Data provided:
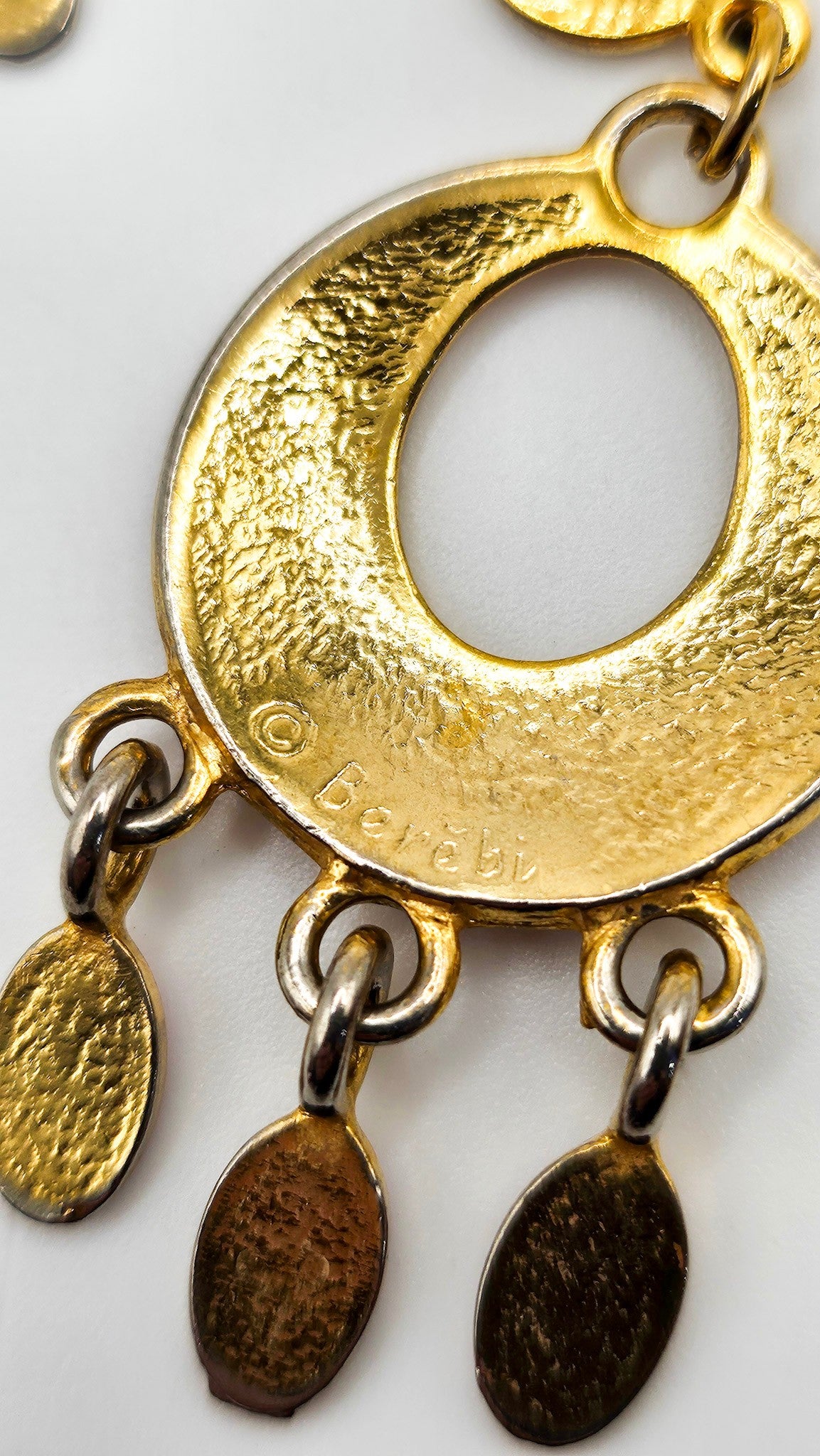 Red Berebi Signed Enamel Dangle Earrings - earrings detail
...
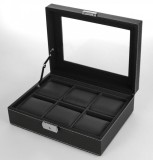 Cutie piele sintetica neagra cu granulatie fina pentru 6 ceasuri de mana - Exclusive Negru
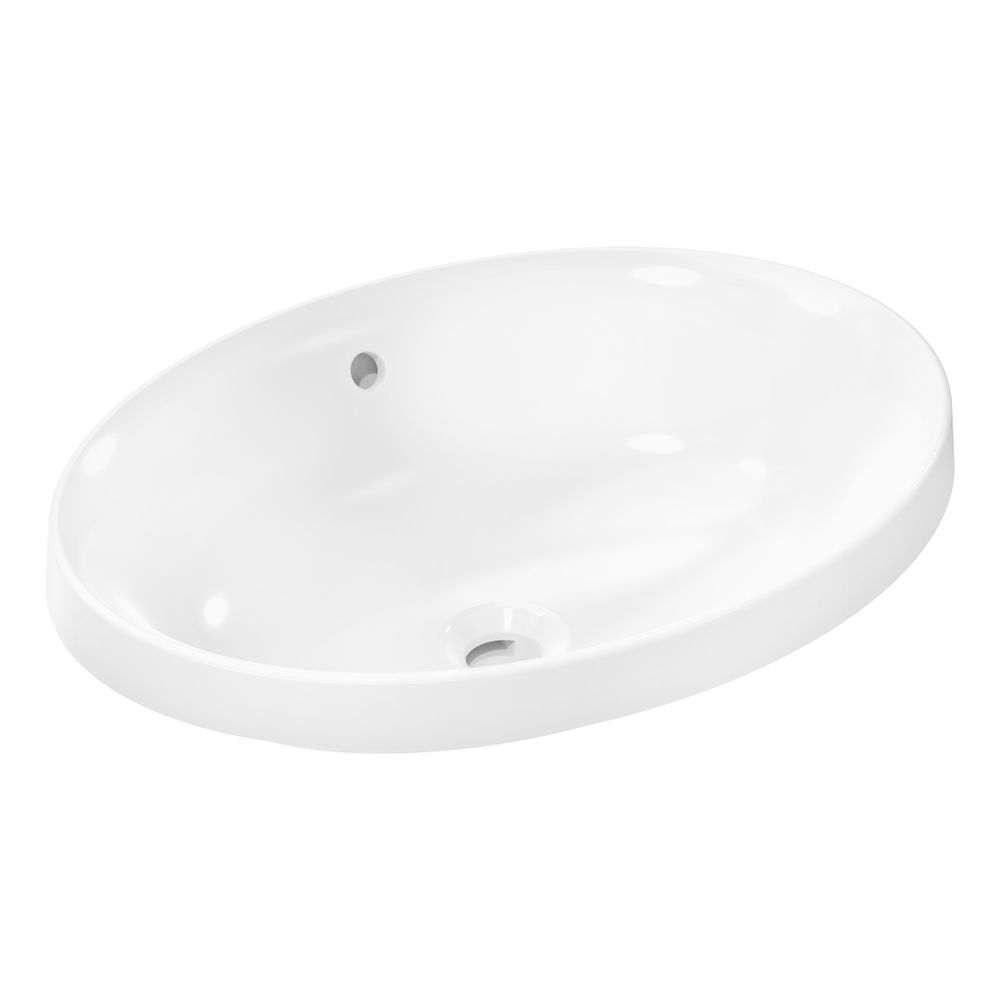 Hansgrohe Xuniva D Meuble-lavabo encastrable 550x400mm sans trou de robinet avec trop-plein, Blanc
---
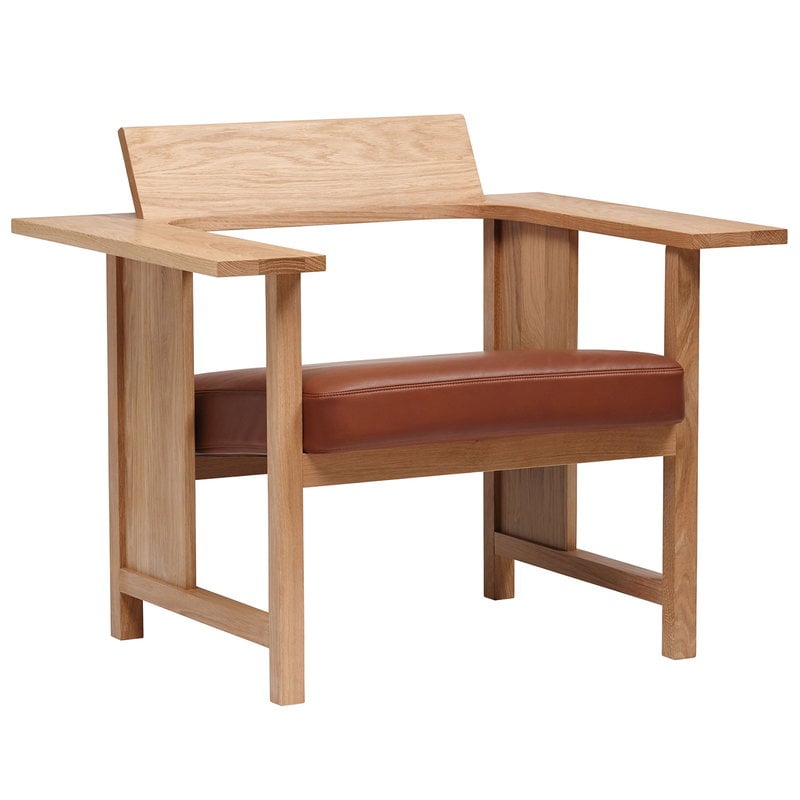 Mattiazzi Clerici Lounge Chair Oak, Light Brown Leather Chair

Work to complete: Please transcribe exactly the part of the records that opens with the line containing "Cutie piele sintetica" and closes with the line containing "Hansgrohe Xuniva D", both ends included, and leave out the pictures.

Worked solution:
 Cutie piele sintetica neagra cu granulatie fina pentru 6 ceasuri de mana - Exclusive Negru
 Hansgrohe Xuniva D Meuble-lavabo encastrable 550x400mm sans trou de robinet avec trop-plein, Blanc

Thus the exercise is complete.